Valenciana is always to be found in any Ilonggo household whenever they are occasions, most especially during fiesta.
Basically, "go, grow and glow" dish, it has the carbohydrates, protein and vitamins and minerals in just one spoonful.
And it can come in its simplest form with just malagkit rice, pork, chorizo and bell peppers to some fancy with additions like raisins, peas, chicken, hardboiled egg (just garnish though), etc. But NO hotdogs, please...
The recipe is just simple for it only involves
- Cooking (Cook malagkit rice with turmeric then add some broth cubes for added flavour.)
- Sauteeing (Just gisa the pork, chicken, liver, peas, chorizo bell peppers, etc and then set aside)
- Mixing (Add sauteed ingredients to the half-cooked rice making sure of even mixing and wait for it to be fully cooked).

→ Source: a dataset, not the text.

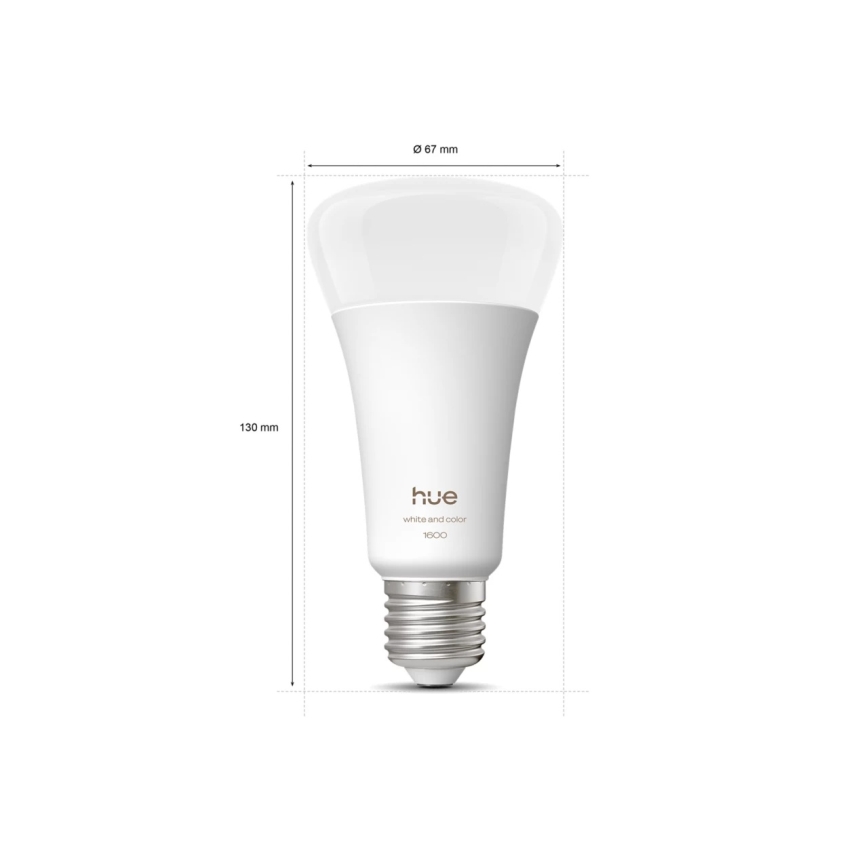 LED prigušiva žarulja Philips Hue WHITE AND COLOR AMBIANCE E27/11,8W/230V 1000-20000K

- Garnishing (Top with hardboiled eggs, onion leaves, etc and serve.)
Dukot sang Valenciana
It may sound simple but takes a lot of practice and maybe some burned valenciana at first.
The dukot, or the hardened part at the bottom of the pan has also become a quite a delightful spin-off of the dish as some enjoy having it as a flavourful crunchy snack bite.
Ilonggos really love valenciana because most if not all have grown accustomed of having it in almost all occasions like fiesta, brithdays, reunions and all other occasions thus I love calling it as the "occasional dish".